Linux can make use of a hardware watchdog timer to allow a system to
force a hard reboot or shutdown if it becomes unresponsive. Does
Windows
have such a thing? Google tells me that it exists for embedded windows
but I can’t see anything in the WDK for normal server/workstation
OS’s,
but it wouldn’t be the first time that Windows and Linux have
different
names for the same thing so maybe I’m just not using the right
keywords…

There is work to create a ‘virtual watchdog’ timer under Xen to allow
Xen to automatically reboot a VM if it should stop responding, and it
would useful to implement that functionality into my Windows drivers
if
possible.

And before anyone points it out, yes I could just write it all myself,
but Linux has a framework for managing it all, including the necessary
steps to handle shutdown without triggering the watchdog etc, so I’m
asking if Windows has the same sort of framework.

Thanks

James


NTDEV is sponsored by OSR

For our schedule of WDF, WDM, debugging and other seminars visit:
http://www.osr.com/seminars

To unsubscribe, visit the List Server section of OSR Online at
http://www.osronline.com/page.cfm?name=ListServer

>

James,

The IIRC correctly the standard driver for Windows is blisteringly
simple
and was provided for embedded as a convenience to folks ‘assembling’
EW
systems from standard components.

It think it took me about an hour total to have a fully functional
KMDF
based driver for the Intel 25AB device.

One WDFTIMER to tickle the Watchdog and keep it happy and an DPCForISR
to do
the same.

What sort of ‘services’ are you looking for from the OS?

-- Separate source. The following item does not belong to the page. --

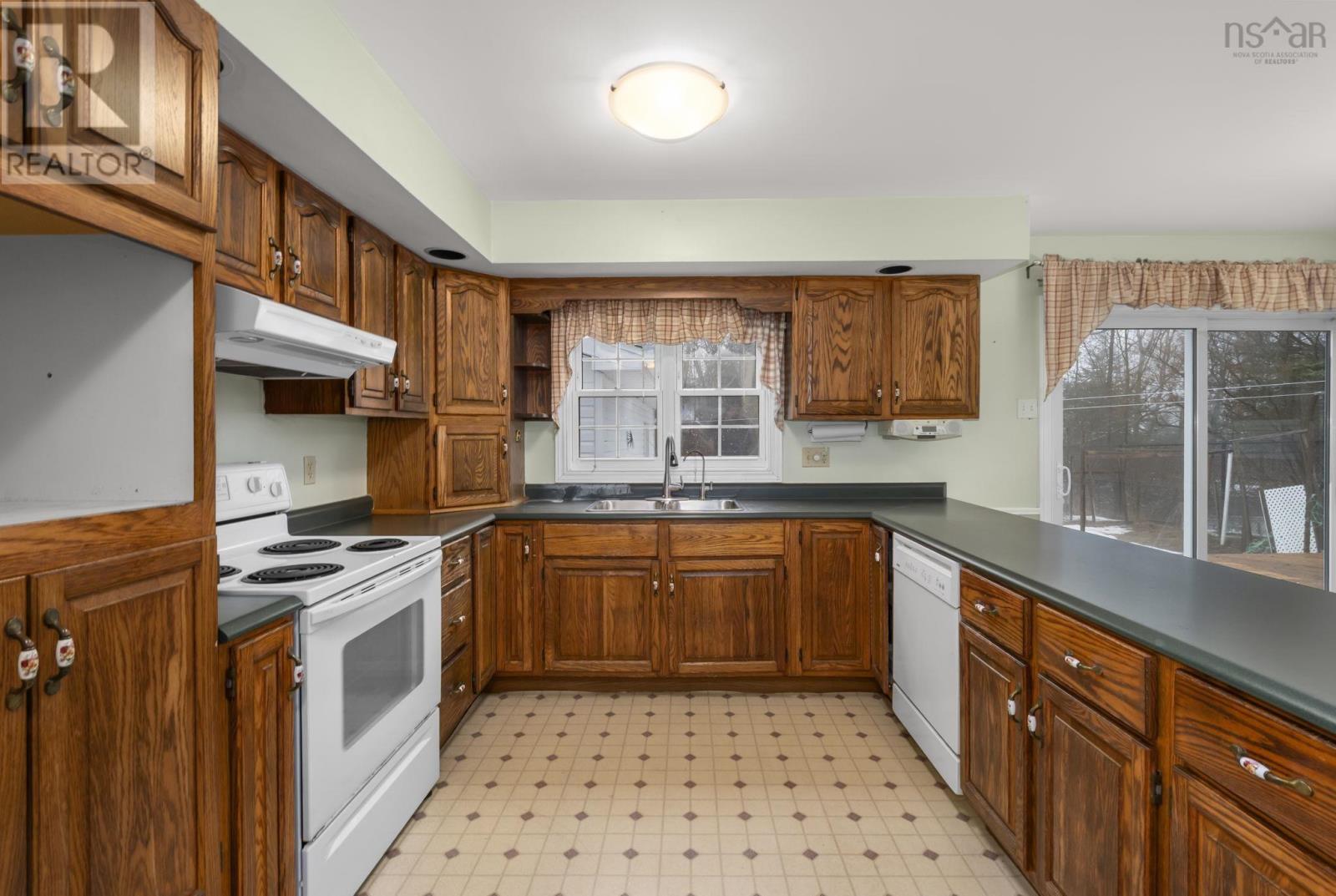 218 Donegal Drive, Cole Harbour, Nova Scotia  B2V 1P3 - Photo 10 - 202604511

I mean, the only thing you can do is turn it on or off and that is
typically
a BIOS function.

It was largely ripping off KMDF sample code (thanks) and reading the
datasheet to figure out what register to whack. Since I assume this
is a
‘virtual watchdog’ you won’t be scratching your head reading an obtuse
datasheet so hey, 45 mins tops :slight_smile:

I truly can understand why MSFT did not agonize over a ‘framework’ for
supporting watchdog timers. You got a motherboard with a WDT in the
chipset? The vendor that created the chipset can give you a driver
for it.

It’s partly just philosophy. Under Linux you have a kernel driver which
is chipset specific (or ‘softdog’ for the software only version if you
don’t have anything onboard), and then a standard usermode app that
pokes the driver periodically so the timer doesn’t run down. The
usermode process recycles itself regularly (to make sure process
creation is still okay I think, but possibly for other reasons), writes
files to disk (to make sure IO hasn’t hung), and can do a few other
tasks, the failure of which will cause it to stop poking the driver and
allow the timer to run down and the system to reboot.

The advantage of the single usermode app is that it gives a uniform set
of features no matter what the underlying hardware. Windows internalises
a lot of the things that are covered here so I guess it’s just a matter
of the right solution for the problem. On a desktop system it would be
acceptable to let the user initiate the reboot on a hung system. On a
server that’s not necessarily what you’d want.

We had a HP server fail just recently with disk timeouts and then an
eventual hang, and after 30 minutes it hadn’t rebooted or anything, I
had to do it manually. A usermode app poking a kernel mode watchdog
would have caught this. A pure kernel mode ‘poker’ (which I think is
what the ASR controller is supposed to do) might not have.

James

James,

Thanks for the education (really!). I had not considered the idea that the
‘hang’ could be purely above the kernel but that surely makes sense. A
standardized set of policies / UM detection facilities with a IOCTL to the
WDT driver to tell it ‘it all looks good up here in UM’ makes sense.

That seems like a natural extension to a WDT driver to expose a device
interface that supports UM tickle.

But alas, it looks like you will have to build it all none the less.